Competition between the toxic and non-toxic strain in a CO2-limited chemostat. (a) The toxic strain Microcystis CYA140 displaces the non-toxic strain Microcystis CYA43. Iout represents the light intensity penetrating through the chemostat. (b) CO2 and bicarbonate concentrations. (c) Dissolved inorganic carbon (DIC) and pH. (d) Total microcystin concentration (error bars indicate s.d.). Symbols represent chemostat data, lines show the model predictions. Parameter values are given in Tables 1 and 2.
Light-limited experiments
We also tested our model predictions against experiments performed under light-limited but CO2-replete conditions by Kardinaal et al. (2007b). They measured population densities and light availability, but did not measure alkalinity and inorganic carbon. In their monoculture experiments, population densities increased while light penetration through the chemostats (Iout) was reduced to very low values of ∼1.3 μmol photons m−2 s−1 (Figures 4a and b). The pH varied between 8.2 and 8.5. This is close to the pH of the mineral medium itself, and far below the pH of 9.8 to 10 measured under carbon-limited conditions (Figures 2e and f).
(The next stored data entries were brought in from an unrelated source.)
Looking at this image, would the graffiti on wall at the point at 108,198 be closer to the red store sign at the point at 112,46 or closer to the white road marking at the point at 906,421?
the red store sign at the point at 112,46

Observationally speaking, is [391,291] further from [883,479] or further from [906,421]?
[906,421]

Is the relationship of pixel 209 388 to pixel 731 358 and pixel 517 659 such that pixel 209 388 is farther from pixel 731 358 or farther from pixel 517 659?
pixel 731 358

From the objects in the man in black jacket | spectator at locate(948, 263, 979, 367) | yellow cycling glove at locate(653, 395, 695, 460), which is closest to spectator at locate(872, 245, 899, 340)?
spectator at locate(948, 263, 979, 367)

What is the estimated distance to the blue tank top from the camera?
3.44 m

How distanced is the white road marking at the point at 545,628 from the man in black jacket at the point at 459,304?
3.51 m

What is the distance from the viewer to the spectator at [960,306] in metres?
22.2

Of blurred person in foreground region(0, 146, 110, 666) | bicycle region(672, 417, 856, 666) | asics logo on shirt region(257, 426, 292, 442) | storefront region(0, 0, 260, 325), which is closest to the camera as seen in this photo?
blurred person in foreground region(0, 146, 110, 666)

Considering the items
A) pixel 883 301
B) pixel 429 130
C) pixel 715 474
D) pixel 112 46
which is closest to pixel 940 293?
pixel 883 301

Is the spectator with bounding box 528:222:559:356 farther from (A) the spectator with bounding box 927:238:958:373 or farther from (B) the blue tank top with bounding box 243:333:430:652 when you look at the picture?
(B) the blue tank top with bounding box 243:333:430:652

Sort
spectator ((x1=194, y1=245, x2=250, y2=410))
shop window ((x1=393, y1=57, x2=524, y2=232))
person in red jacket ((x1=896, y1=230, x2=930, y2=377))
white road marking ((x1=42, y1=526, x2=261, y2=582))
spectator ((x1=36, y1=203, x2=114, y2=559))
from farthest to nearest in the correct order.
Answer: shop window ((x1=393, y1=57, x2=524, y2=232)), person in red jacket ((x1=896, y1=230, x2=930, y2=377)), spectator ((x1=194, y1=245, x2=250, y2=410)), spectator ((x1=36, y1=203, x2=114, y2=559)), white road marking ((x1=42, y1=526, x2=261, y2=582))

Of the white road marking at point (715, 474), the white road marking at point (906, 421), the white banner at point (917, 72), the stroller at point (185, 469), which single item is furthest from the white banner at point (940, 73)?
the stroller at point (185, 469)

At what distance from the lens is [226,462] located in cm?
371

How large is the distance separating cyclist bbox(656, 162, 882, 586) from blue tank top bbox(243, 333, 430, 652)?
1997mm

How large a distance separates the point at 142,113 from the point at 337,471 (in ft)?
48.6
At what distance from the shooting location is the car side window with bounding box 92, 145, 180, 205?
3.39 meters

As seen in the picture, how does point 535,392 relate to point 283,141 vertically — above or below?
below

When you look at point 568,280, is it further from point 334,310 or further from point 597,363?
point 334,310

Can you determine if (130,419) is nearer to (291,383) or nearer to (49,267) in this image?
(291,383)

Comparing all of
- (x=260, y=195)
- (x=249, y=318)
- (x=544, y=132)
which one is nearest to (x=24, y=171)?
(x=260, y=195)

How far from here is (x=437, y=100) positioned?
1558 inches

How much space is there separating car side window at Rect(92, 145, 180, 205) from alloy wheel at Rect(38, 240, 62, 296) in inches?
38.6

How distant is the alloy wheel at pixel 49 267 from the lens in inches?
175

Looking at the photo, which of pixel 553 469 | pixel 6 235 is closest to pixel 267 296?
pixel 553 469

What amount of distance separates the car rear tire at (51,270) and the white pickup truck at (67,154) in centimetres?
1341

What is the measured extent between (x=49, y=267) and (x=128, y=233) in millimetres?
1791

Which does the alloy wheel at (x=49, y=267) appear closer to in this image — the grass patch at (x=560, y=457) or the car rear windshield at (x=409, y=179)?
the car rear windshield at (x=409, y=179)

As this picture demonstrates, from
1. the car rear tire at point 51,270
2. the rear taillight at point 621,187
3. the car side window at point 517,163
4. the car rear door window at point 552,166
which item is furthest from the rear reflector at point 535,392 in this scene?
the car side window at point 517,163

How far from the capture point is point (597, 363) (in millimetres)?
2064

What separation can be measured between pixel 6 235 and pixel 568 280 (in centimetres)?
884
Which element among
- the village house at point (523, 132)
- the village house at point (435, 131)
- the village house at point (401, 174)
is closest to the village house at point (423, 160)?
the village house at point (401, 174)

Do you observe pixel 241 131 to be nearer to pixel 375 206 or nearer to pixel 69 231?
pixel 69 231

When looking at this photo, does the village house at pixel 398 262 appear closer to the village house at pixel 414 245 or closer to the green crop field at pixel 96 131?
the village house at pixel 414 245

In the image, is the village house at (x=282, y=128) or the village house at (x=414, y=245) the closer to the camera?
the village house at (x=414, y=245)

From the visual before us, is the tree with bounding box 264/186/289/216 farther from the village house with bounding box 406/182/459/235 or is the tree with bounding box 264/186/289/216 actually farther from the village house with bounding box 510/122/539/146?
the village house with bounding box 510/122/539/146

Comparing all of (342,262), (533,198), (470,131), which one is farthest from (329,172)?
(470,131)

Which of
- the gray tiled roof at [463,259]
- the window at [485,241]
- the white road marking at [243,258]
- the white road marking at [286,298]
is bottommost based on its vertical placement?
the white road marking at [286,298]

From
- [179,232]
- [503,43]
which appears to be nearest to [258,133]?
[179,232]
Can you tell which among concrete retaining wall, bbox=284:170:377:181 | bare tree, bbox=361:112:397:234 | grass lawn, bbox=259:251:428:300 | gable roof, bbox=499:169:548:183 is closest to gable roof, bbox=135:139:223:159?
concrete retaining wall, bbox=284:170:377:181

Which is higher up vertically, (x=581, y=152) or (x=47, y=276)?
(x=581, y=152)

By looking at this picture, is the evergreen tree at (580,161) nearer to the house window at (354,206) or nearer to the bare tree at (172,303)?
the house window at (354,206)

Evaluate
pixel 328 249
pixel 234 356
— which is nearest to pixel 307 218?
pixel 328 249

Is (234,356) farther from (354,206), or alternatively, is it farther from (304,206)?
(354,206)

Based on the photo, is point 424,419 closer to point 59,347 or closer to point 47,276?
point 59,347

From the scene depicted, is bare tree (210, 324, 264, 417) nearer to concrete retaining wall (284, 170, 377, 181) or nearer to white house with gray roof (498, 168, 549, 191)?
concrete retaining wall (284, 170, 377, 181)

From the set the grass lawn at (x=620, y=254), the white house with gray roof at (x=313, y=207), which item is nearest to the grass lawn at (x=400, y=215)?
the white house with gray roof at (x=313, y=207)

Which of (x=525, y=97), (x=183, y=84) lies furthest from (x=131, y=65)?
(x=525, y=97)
These observations confirm that the experiments were indeed performed under light-limited conditions.
Monoculture and competition experiments between the toxic and non-toxic strain in a light-limited chemostat. (a, b) Population density (expressed as biovolumes) and light intensity penetrating through the chemostat (Iout) in monoculture experiments of (a) the toxic strain Microcystis CYA140, and (b) the non-toxic strain Microcystis CYA43. (c) In competition, the non-toxic strain Microcystis CYA43 displaces the toxic strain Microcystis CYA140. (d) Total microcystin concentration in the competition experiment (error bars indicate s.d.). Symbols represent chemostat data, lines show the model predictions. Parameter values are given in Tables 1 and 2. The chemostat data in this figure are from Kardinaal et al. (2007b).
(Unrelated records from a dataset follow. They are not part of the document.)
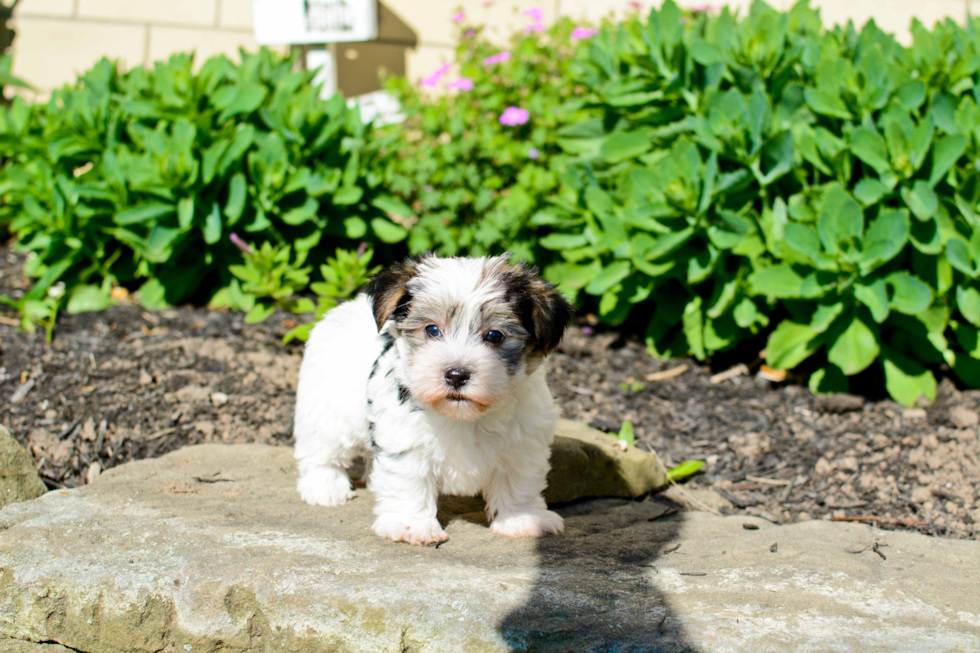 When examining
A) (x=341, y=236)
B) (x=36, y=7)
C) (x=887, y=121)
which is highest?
(x=36, y=7)

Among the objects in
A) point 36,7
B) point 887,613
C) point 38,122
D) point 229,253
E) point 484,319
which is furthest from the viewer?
point 36,7

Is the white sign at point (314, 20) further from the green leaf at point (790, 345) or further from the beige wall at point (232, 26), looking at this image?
the green leaf at point (790, 345)

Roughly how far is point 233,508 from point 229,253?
9.29 feet

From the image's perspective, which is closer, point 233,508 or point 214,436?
point 233,508

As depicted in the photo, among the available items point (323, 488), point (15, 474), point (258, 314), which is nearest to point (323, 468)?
point (323, 488)

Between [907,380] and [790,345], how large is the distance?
0.76 m

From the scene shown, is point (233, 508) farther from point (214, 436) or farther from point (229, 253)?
point (229, 253)

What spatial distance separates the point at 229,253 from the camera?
609 centimetres

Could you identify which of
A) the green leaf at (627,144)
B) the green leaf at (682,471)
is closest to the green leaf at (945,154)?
the green leaf at (627,144)

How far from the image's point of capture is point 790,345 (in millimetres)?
5332

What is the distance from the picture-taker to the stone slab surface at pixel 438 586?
9.08 feet

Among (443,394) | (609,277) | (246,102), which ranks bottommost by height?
(443,394)

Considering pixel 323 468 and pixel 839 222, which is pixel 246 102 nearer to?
pixel 323 468

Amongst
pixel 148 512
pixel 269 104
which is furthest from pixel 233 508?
pixel 269 104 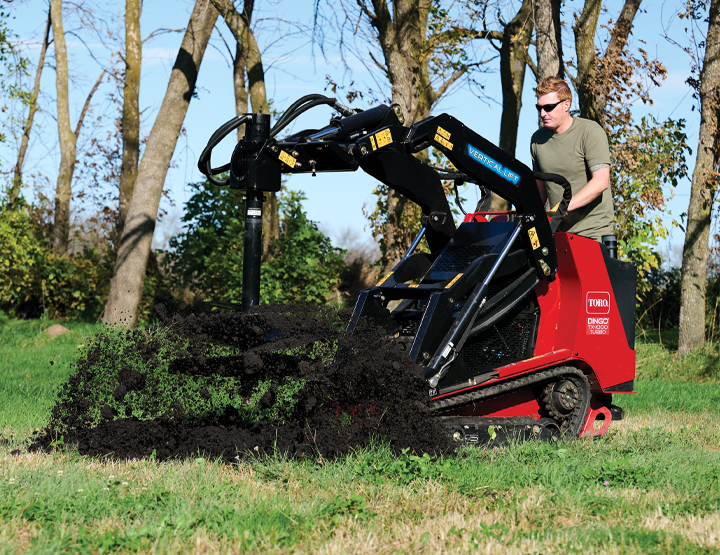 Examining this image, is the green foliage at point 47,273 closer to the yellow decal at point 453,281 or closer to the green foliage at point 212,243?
the green foliage at point 212,243

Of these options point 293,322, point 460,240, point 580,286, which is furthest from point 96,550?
point 580,286

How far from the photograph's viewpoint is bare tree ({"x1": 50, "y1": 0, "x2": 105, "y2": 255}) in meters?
21.4

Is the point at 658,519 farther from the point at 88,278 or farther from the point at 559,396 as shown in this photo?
the point at 88,278

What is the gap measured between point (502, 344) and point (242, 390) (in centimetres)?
181

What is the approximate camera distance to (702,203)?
1117cm

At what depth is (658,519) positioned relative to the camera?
376 centimetres

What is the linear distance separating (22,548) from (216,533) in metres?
0.77

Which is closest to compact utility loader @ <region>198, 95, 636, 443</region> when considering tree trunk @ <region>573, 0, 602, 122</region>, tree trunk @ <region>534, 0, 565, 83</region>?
tree trunk @ <region>534, 0, 565, 83</region>

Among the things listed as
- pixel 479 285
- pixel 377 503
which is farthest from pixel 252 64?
pixel 377 503

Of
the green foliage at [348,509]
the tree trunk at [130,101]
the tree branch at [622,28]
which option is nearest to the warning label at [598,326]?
the green foliage at [348,509]

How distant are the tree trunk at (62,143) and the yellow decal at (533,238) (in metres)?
18.3

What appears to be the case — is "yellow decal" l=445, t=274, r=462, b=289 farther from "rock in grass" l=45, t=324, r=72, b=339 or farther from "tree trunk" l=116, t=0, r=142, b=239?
"rock in grass" l=45, t=324, r=72, b=339

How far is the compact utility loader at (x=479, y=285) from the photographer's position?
492 cm

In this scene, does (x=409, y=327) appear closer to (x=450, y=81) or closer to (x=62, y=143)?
(x=450, y=81) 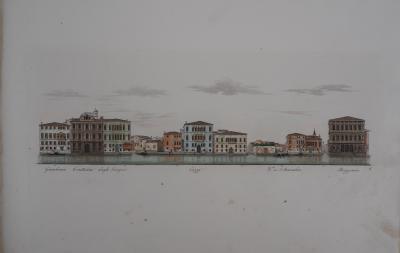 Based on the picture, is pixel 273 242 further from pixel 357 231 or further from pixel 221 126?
pixel 221 126

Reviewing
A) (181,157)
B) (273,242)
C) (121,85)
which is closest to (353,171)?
(273,242)

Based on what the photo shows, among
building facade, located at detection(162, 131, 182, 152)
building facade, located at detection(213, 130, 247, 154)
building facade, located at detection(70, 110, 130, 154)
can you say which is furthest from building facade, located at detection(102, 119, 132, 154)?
building facade, located at detection(213, 130, 247, 154)

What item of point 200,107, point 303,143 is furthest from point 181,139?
point 303,143

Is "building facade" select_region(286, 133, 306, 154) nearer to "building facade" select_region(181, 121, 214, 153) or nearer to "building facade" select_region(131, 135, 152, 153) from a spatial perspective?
"building facade" select_region(181, 121, 214, 153)

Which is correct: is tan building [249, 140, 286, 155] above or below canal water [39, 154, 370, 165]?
above

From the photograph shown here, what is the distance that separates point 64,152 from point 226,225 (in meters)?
0.75

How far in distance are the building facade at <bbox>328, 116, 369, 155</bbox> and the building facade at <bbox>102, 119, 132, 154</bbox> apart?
85 centimetres

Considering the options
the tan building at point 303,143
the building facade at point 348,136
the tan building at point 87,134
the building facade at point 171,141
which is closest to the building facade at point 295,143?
the tan building at point 303,143

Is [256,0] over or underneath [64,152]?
over

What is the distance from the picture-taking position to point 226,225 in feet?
5.81

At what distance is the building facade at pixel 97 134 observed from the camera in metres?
1.76

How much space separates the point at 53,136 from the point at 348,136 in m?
1.23

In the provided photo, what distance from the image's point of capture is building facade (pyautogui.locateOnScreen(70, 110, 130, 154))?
5.79ft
According to our parameter estimates, the non-toxic strain has a slightly lower half-saturation constant for light and higher maximum uptake rates for inorganic carbon than the toxic strain (Table 2). Hence, the model predicts that the non-toxic strain should be a slightly better competitor for light. This model prediction is confirmed by the competition experiment. Both strains initially increased while light penetration through the chemostat (Iout) was reduced (Figure 4c). Subsequently, the toxic strain was slowly replaced by the non-toxic strain during a 160-days period. The total microcystin concentration increased during the first 20 days of the competition experiment and subsequently decreased until the end of the experiment, consistent with the gradual replacement of the toxic by the non-toxic strain (Figure 4d).
In total, the competition experiments show that the toxic strain became dominant under CO2-limited conditions, whereas the non-toxic strain dominated under high CO2 but light-limited conditions. The model predictions captured this reversal in competitive dominance, and were largely in agreement with the experiments (Figures 3 and 4).
Discussion
Mechanisms of competition
In this study, we have demonstrated that competition for inorganic carbon can be successfully predicted from a relatively simple model that includes the basics of inorganic carbon chemistry and the key physiological traits of the species involved. An important aspect of competition for inorganic carbon is the strong interplay between CO2, bicarbonate and pH in aquatic ecosystems. More specifically, as observed in our experiments, carbon assimilation leads to CO2 depletion accompanied by an increase in pH, shifting the carbon chemistry toward a predominance of bicarbonate (Figures 1 and 2). This is consistent with field studies of the inorganic carbon chemistry of eutrophic waters, where dense phytoplankton blooms can deplete the CO2 concentration, thereby inducing high pH values in both freshwater (Talling, 1976; Maberly, 1996) and marine ecosystems (Hansen, 2002).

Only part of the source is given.